Blimey, but this is a comedy, isn’t it? This is a mockery and so it’s intended to be barbaric and exaggerated, right? Well, comedy is not a carte blanche for bigotry. There are limits of what’s acceptable. We have grown to dismiss blackface and exaggerated representations of homosexuals as a no-go. The humour of The Death of Stalin is plainly founded on xenophobia and prejudices, and so it belongs in a very similar category. This is not black humour, this is blackface. Laughing at someone dead on a pool of piss is neither funny nor subversive. It’s simply silly and vulgar. Despite the presence of Michael Palin, The Death of Stalin simply isn’t The Life of Brian (Terry Jones, 1979).

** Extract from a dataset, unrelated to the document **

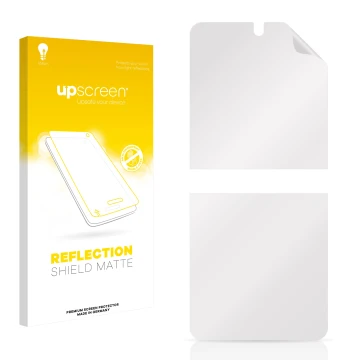 Face avant d’un emballage produit avec le logo de la marque upscreen. À côté se trouve la protection d’écran correspondante.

By comparison, how would people in the UK feel about a film mocking Churchill? My comparison is neither frivolous nor untimely. Firstly, Churchill and Stalin ruled at roughly the same time. And a film about Churchill was made earlier this year, which did little but to celebrate the resilience of the British leader. Plus another one is being released in a couple of months, and it looks like it’s going to be just as celebratory of the “greatest British person ever”. Can you imagine if either of these films laughed at Churchill’s dead body, his alcoholism, his racism or his gassing of people in Mesopotamia? It would cause an outrage. Well, I think that people in glasshouses shouldn’t throw stones. That’s why I recommend that you don’t watch The Death of Stalin. That is, unless you simply love to hate Russia, and have no interest in their culture.

Cinema isn’t alone in its biased portrayal of Russian history. The BBC documentary Russia 1917: Countdown to the Revolution paints Soviet leaders and foible and hesitant, and it even questions whether the Russian Revolution – as grassroots as a revolution can be – was in fact a coup d’état. You can watch it (or not) by clicking here.

The Death of Stalin is showing in cinemas across the UK on Friday October 20th. It’s out on all major VoD platforms in April 2018. On Netflix on Wednesday, April 28th (2021).